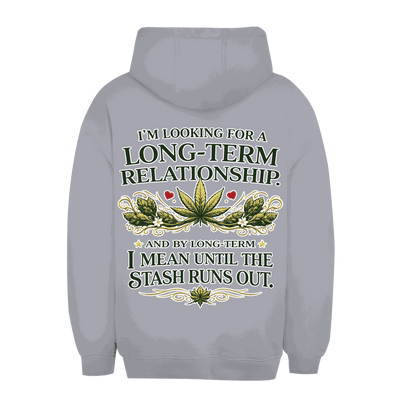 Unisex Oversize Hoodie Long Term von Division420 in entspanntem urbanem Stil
---
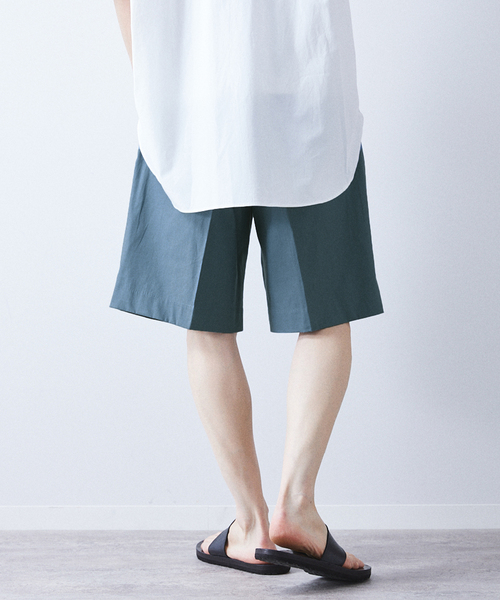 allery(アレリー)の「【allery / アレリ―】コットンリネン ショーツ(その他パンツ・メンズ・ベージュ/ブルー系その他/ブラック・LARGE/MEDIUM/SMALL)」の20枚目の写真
* * *
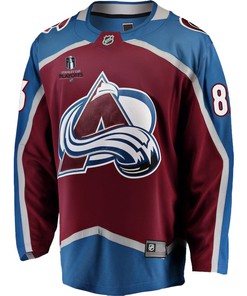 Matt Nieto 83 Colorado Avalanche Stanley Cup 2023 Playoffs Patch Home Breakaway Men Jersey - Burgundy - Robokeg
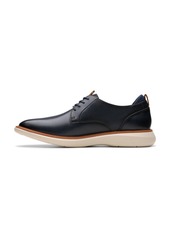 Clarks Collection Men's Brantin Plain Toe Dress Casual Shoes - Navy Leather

» WORK TO COMPLETE: When copying from the data above, print only the lines from the line containing "Matt Nieto 83" to the line containing "Clarks Collection Men's", exactly, and leave the pictures out.

» REPLY TO THE TASK:
 Matt Nieto 83 Colorado Avalanche Stanley Cup 2023 Playoffs Patch Home Breakaway Men Jersey - Burgundy - Robokeg
 Clarks Collection Men's Brantin Plain Toe Dress Casual Shoes - Navy Leather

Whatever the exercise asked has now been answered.